The Way Things Work is the first release from improv-punk supergroup the Unknown Instructors. The Instructors include bassist Mike Watt and drummer George Hurley of legendary California punk bands the Minutemen and fIREHOSE, guitarist Joe Baiza of Saccharine Trust, and poet and saxophonist Dan McGuire. This lineup takes an improvisational, freeform approach to punk rock.

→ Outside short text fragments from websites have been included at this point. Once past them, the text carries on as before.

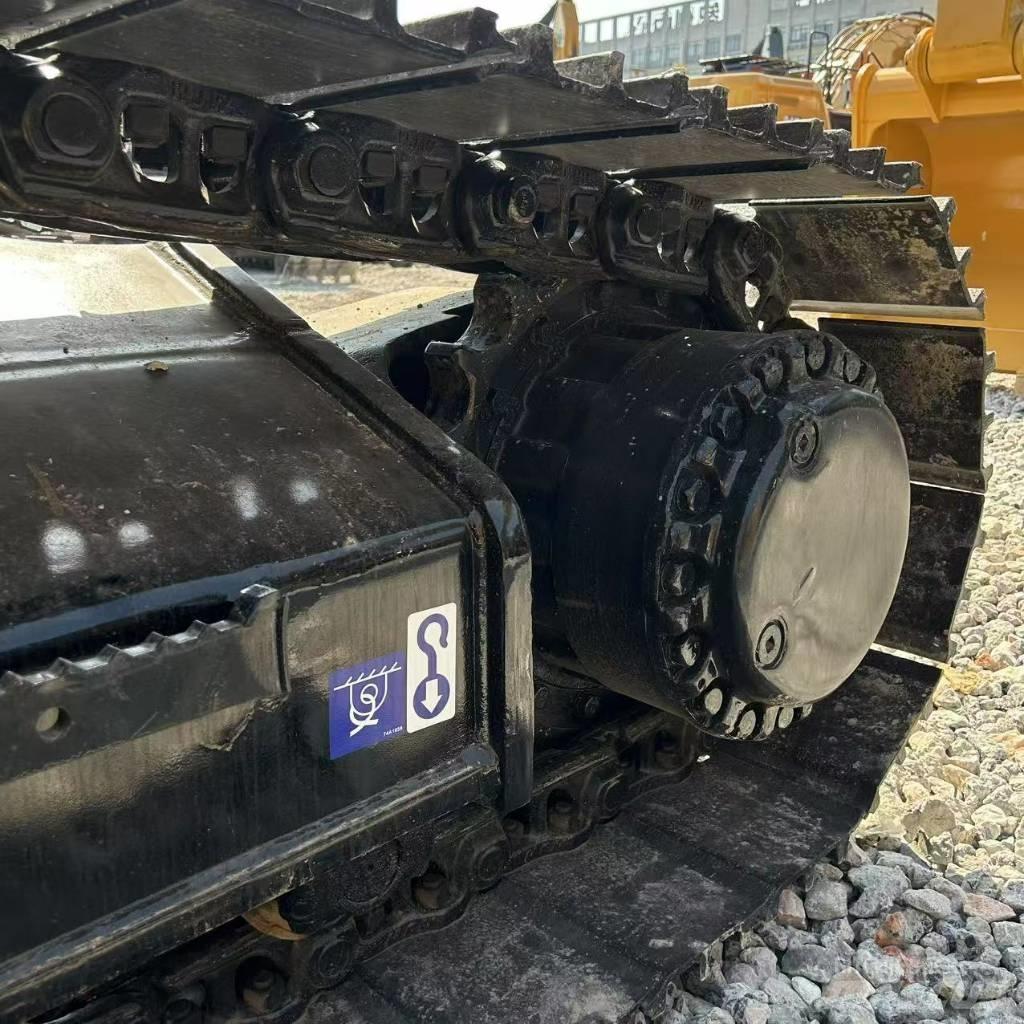 CAT 325D2L Gravemaskiner på larvebånd
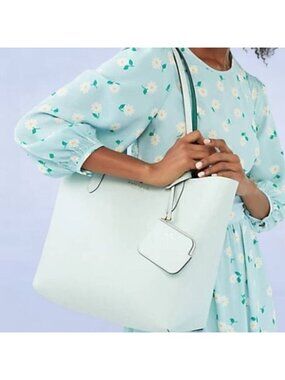 Kate‎ Spade Ava Reversible Tote in Fig Leaf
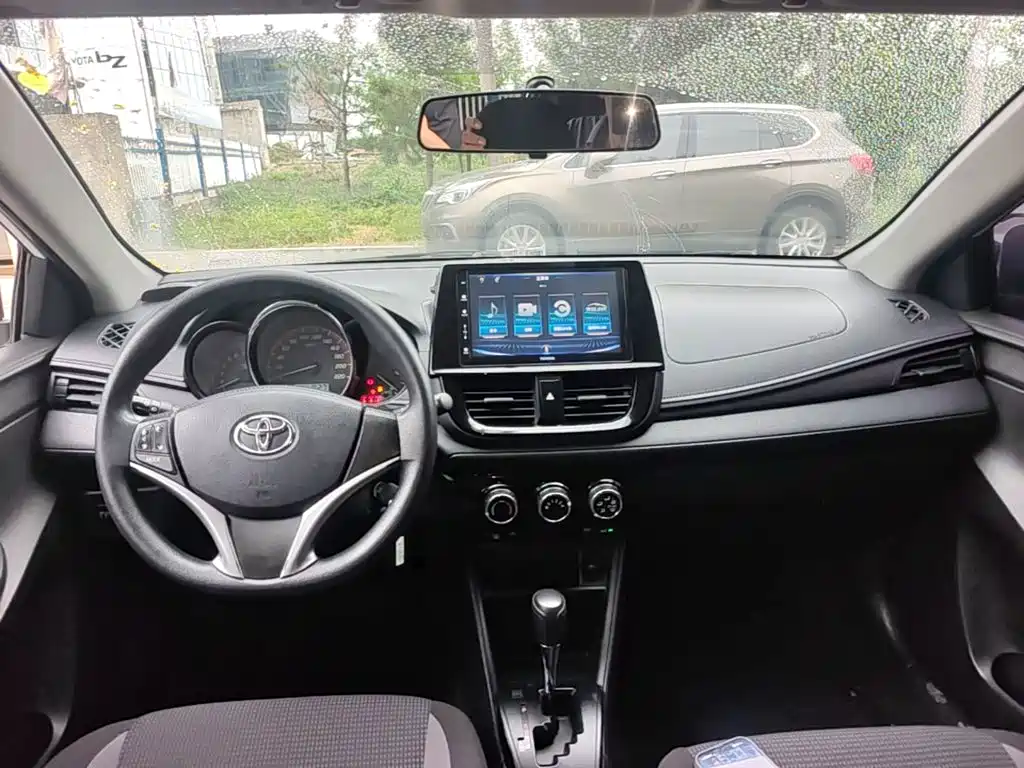 Toyota Vios FS — миниатюра 10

The album was reportedly recorded during just one day, which would explain the lack of arrangements and the casual feel. The songs all follow a similar template: noodly bass, jazzy drumming with plenty of cymbal tapping, and atmospheric guitar over spoken-word prose poetry. Their titles generally reflect a theme embodied in the lyrics: "I'll Show You Everything" paints a landscape of a polluted industrial city suffering for it's neighbor's excesses. "Starving Artists" lampoons bohemian tendencies by offering a set of instructions: "Do what any respectable starving artist does/rent a rundown duplex near the zoo" and "Cultivate a taste for canned goods/anything verging on expiration." "In Toledo, Great Lakes run north and south/Presidents, east and west" begins "Walk with Me," which tells the story of a street person and other invisible residents of the Ohio city. It's the most concretely evocative of the tracks, though it works with the same rhythm section style as the others, and with the guitar making abstract noises more than melodies or chords. "Adam's Apple" deals with the body; "Turf Songs" with gangs, territory, and the idea of property.

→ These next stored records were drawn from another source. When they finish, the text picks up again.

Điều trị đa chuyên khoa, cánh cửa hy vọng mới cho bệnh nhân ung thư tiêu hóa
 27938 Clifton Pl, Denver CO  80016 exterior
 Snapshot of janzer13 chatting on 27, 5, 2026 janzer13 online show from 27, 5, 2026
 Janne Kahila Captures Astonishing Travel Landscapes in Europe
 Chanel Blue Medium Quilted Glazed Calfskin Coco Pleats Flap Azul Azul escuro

"Punk (is Whatever We Made It to Be)" contains lyrics from the Minutemen's classic album Double Nickels On the Dime: "As a revolution cries/the time is near/I can feel my bones/I can see with my eyes/can't avoid it, must make a stand." It goes on to talk about congressional decisions and the manipulation of the working class, but the disparate sources prevent it from developing a coherent narrative; instead it's political stream-of-consciouness awareness-raising: "I make certain my head is separate from my body." Politics from musicians is often a hard sell -- is it ever going to convert anyone whose mind is made up? Or spur anyone to action? Or does it rather act as a palliative that enables people to think they are doing something when really they're just listening to music? But as artists will always point out, maybe they can reach that one special person who will go on to make a difference. The Unknown Instructors avoid getting preachy, letting the rhetorical phrases float on a breeze of bass notes and guitar squeals, each sentence carrying meaning and making judgment only in an oblique way.

On "Lost and Found," McGuire says "I like how there's something for everyone in the mix/a world of alternative realities malleable to one's mood." He's describing the music of the album, and he's got a point. Raw and scattered, it's best taken in a receptive, easy-going state of mind, in which anyone willing to give it a chance will find something to appreciate. Like it was good for one recording session, The Way Things Work is good for one thorough listening session over one contemplative afternoon, and though it may never be played again, sometimes once is enough.